Abstract
Escherichia coli ST131 is a major cause of infection with extensive antimicrobial resistance (AMR) facilitated by widespread beta-lactam antibiotic use. This drug pressure has driven extended-spectrum beta-lactamase (ESBL) gene acquisition and evolution in pathogens, so a clearer resolution of ST131’s origin, adaptation and spread is essential. Its ESBL genes are typically embedded in mobile genetic elements (MGEs) that aid transfer to new plasmid or chromosomal locations, which are mobilised further by plasmid conjugation and recombination, resulting in a flexible ESBL, MGE and plasmid composition with a conserved core genome. We used population genomics to trace the evolution of AMR in ST131 more precisely by extracting all available high-quality Illumina HiSeq read libraries to investigate 4,071 globally-sourced genomes, the largest ST131 collection examined so far. We applied rigorous quality-control, genome de novo assembly and ESBL gene screening to resolve ST131’s population structure across three genetically distinct clades (A, B, C) and abundant subclades from the dominant clade C. We reconstructed their evolutionary relationships across the core and accessory genomes using published reference genomes, long read assemblies and k-mer-based methods to contextualise pangenome diversity. The three main C subclades have co-circulated globally at relatively stable frequencies over time, suggesting attaining an equilibrium after their origin and initial rapid spread. This contrasted with their ESBL genes, which had a less constrained pattern and stronger population structure. Within these subclades, diversity levels of the core and accessory genome were not correlated due to plasmid and MGE activity. Our findings emphasise the potential of evolutionary pangenomics to improve our understanding of AMR gene transfer, adaptation and transmission to discover accessory genome changes linked to emerging outbreaks and novel subtypes.

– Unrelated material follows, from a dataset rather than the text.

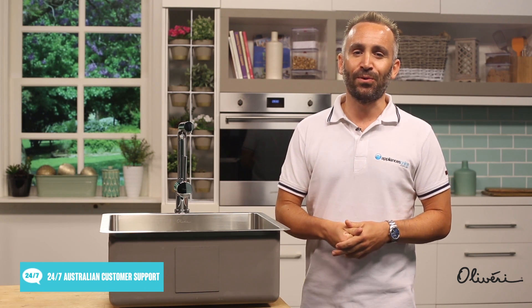If you're still slightly indecisive about what tap will be best for you and your home, pick up the phone and give Appliances Online or Oliveri a call, and we'll be happy to help you out. This video was brought to you by Oliveri, the Australian sink manufacturer, and in partnership with Appliances Online.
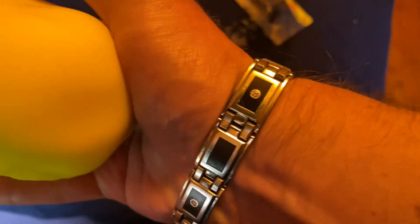And squishy. See if it bounces. Yeah, it bounces. It bounces.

Significance Multidrug-resistant Escherichia coli are a major global public health concern, among which ST131 is a pandemic subtype that is the most common cause of urinary tract infections. This study carefully assembled the genomes of 4,071 ST131 isolated between 1967 and 2018 to determine its subclades’ epidemiological, evolutionary and genetic features relevant to their antibiotic resistance genes. We found that ST131 subclades relative frequencies were stable over time, suggesting they may spread rapidly during their origin before stabilising. In contrast to core genome analysis documenting the global co-circulation of subclades C1 and C2, key antibiotic resistance genes in the accessory genome had stronger geographic, genetic and temporal patterns. Additionally, extensive plasmid variation among isolates with nearly identical chromosomes was discovered using multiple methods. This population genomic study highlights the dynamic nature of the accessory genomes in ST131, suggesting that surveillance should anticipate genetically novel outbreaks with broader antibiotic resistance levels.